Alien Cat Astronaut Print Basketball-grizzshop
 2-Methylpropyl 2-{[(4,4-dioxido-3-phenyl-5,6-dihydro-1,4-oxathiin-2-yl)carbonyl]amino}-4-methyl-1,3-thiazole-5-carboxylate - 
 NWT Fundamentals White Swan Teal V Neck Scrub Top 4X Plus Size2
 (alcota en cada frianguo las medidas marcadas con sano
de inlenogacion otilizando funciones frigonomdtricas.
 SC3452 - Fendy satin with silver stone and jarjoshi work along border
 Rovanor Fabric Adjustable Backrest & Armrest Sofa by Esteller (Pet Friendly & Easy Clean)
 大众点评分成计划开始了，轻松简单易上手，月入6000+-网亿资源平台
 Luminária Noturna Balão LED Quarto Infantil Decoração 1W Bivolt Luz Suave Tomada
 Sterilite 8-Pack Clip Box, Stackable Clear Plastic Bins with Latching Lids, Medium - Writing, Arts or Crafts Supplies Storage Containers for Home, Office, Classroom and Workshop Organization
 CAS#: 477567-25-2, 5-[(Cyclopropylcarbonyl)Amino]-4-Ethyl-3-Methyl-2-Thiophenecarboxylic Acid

_ _ _ _

Aim of the task:
Transcribe all of the material exactly as it was written.

Output for this task:
Alien Cat Astronaut Print Basketball-grizzshop
 2-Methylpropyl 2-{[(4,4-dioxido-3-phenyl-5,6-dihydro-1,4-oxathiin-2-yl)carbonyl]amino}-4-methyl-1,3-thiazole-5-carboxylate - 
 NWT Fundamentals White Swan Teal V Neck Scrub Top 4X Plus Size2
 (alcota en cada frianguo las medidas marcadas con sano
de inlenogacion otilizando funciones frigonomdtricas.
 SC3452 - Fendy satin with silver stone and jarjoshi work along border
 Rovanor Fabric Adjustable Backrest & Armrest Sofa by Esteller (Pet Friendly & Easy Clean)
 大众点评分成计划开始了，轻松简单易上手，月入6000+-网亿资源平台
 Luminária Noturna Balão LED Quarto Infantil Decoração 1W Bivolt Luz Suave Tomada
 Sterilite 8-Pack Clip Box, Stackable Clear Plastic Bins with Latching Lids, Medium - Writing, Arts or Crafts Supplies Storage Containers for Home, Office, Classroom and Workshop Organization
 CAS#: 477567-25-2, 5-[(Cyclopropylcarbonyl)Amino]-4-Ethyl-3-Methyl-2-Thiophenecarboxylic Acid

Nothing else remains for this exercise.